[About this task] Give back the full listing exactly, setting the pictures aside.

[Input data]
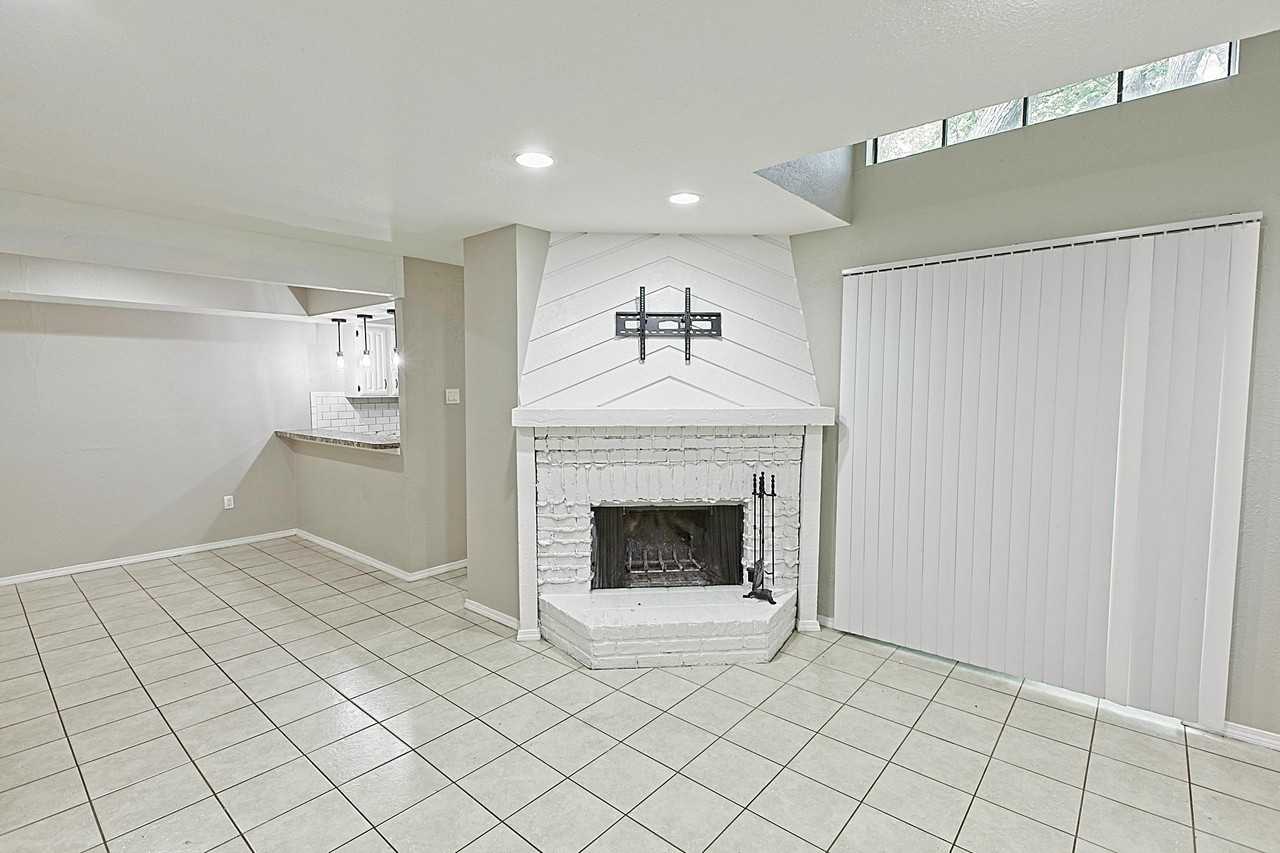 889 Dublin Dr #D - Photo 2 of 40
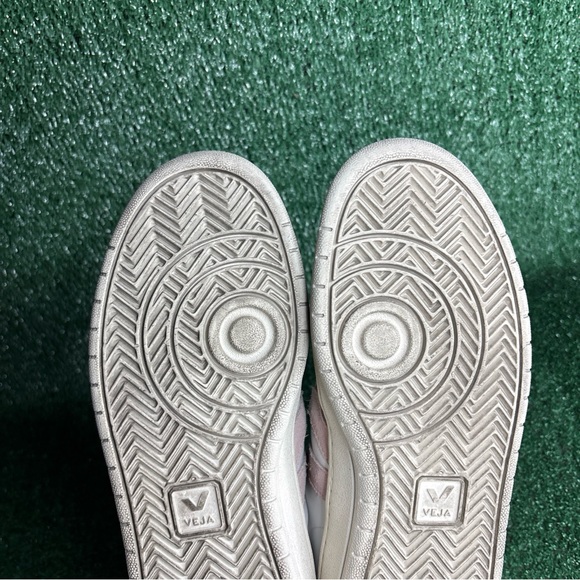 Veja V-12 Sneakers Women’s Size 10 White Pink Vegan Leather Lace Up Retro - Picture 9 of 12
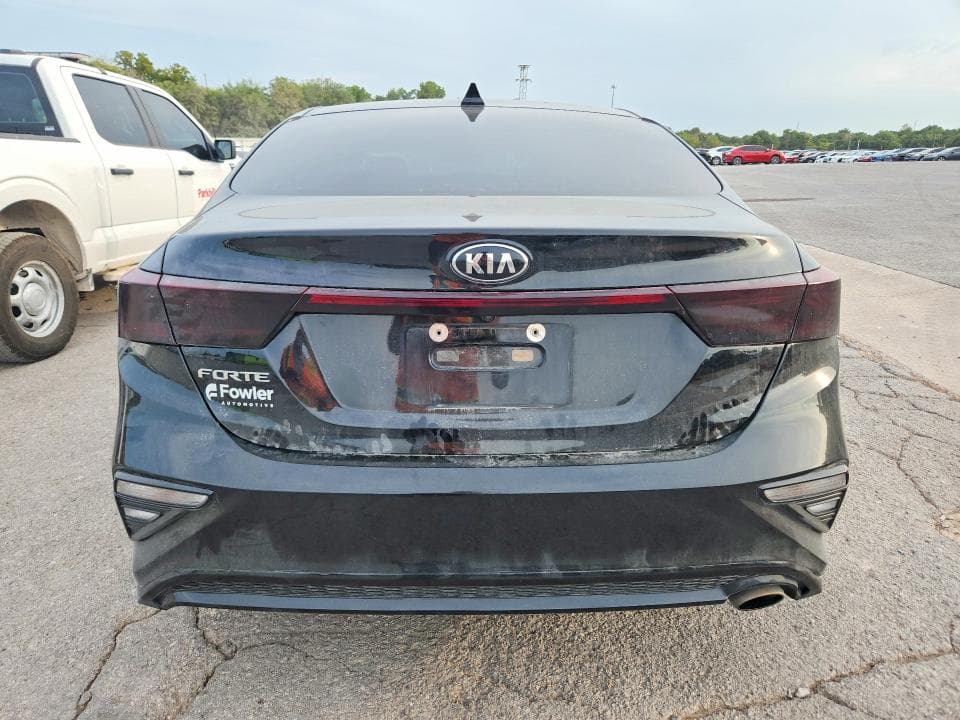 2021 KIA FORTE LXS 6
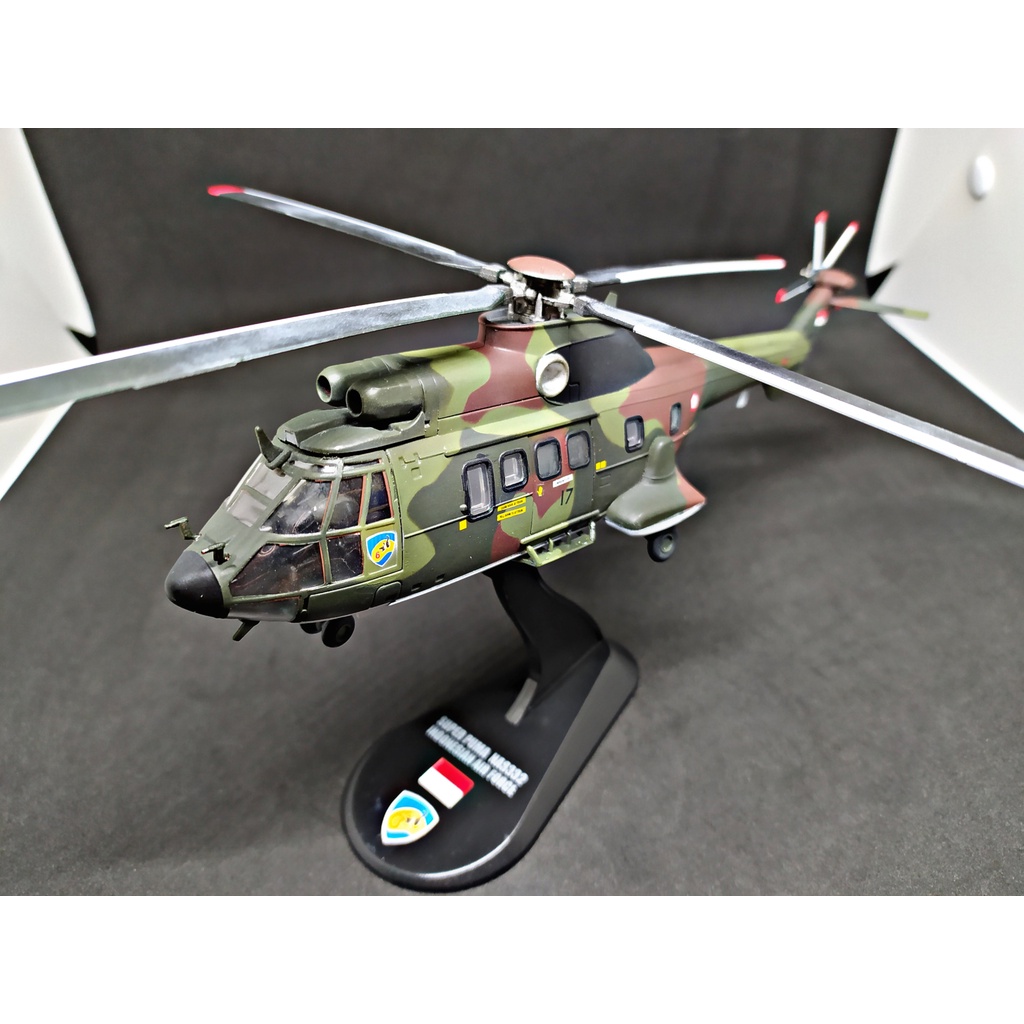 Diecast Miniatur Airbus Helikopter Super Puma TNI AU Indonesia Skala 72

[Result of the exercise]
 889 Dublin Dr #D - Photo 2 of 40
 Veja V-12 Sneakers Women’s Size 10 White Pink Vegan Leather Lace Up Retro - Picture 9 of 12
 2021 KIA FORTE LXS 6
 Diecast Miniatur Airbus Helikopter Super Puma TNI AU Indonesia Skala 72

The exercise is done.